● What you are asked to do: Would you please write out only the lines running from the top of the listing through the one holding "Short en coton", exactly, with both ends kept and pictures left out?

● Data segment:

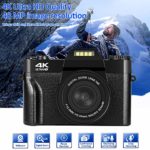 4K Digital Camera 48MP Camera Vlogging Camera with YouTube 30FPS Video Camera Camcorder 16X Digital Zoom Vlog Camera with Flip Screen Camera with 32GB SD Card and 2 Batteries(NO WiFi & Fixed Focus)…
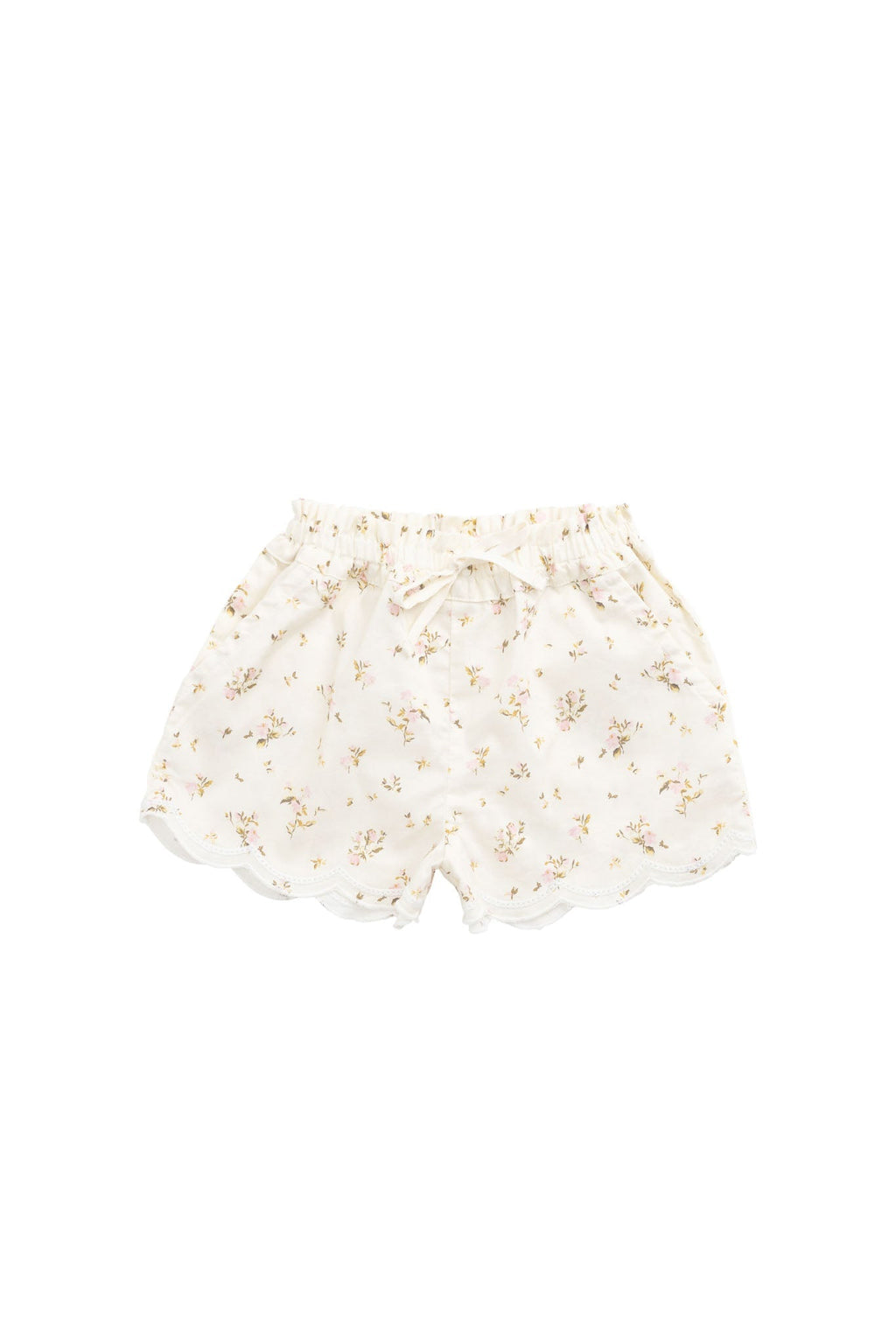 Short en coton biologique imprimé floral antique avec taille élastique pour bébés et petites filles de 6 mois à 3 ans
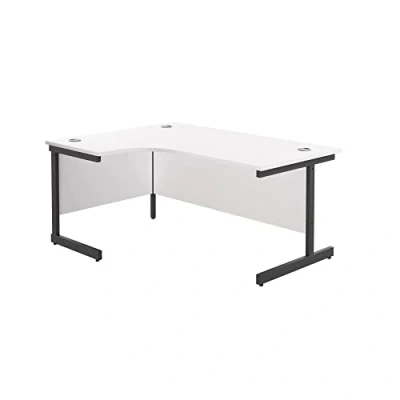 Image of Office Hippo Heavy Duty Desk, Left Corner Strong &amp; Reliable Workstation, Table With Integrated Cable Ports, PC Desk For or Home White Top / Black Frame
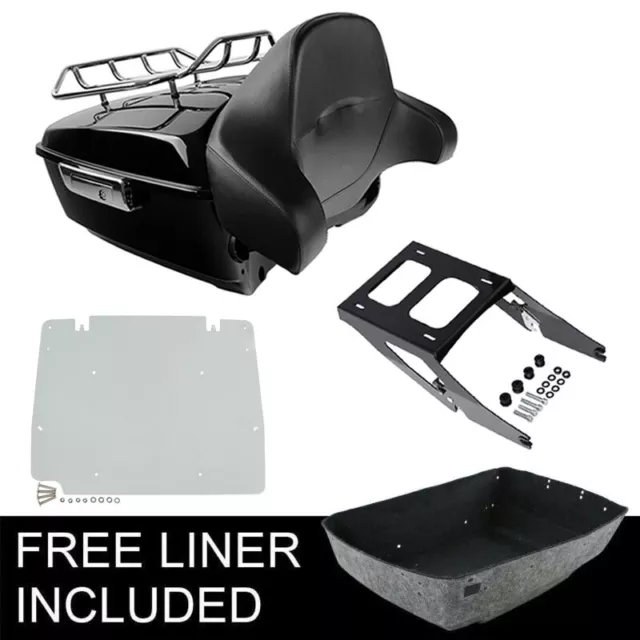 King Trunk Pad Rack Two Up Mount Plate Fit For Harley Tour Pak Sport Glide 18-23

● Problem solution:
 4K Digital Camera 48MP Camera Vlogging Camera with YouTube 30FPS Video Camera Camcorder 16X Digital Zoom Vlog Camera with Flip Screen Camera with 32GB SD Card and 2 Batteries(NO WiFi & Fixed Focus)…
 Short en coton biologique imprimé floral antique avec taille élastique pour bébés et petites filles de 6 mois à 3 ans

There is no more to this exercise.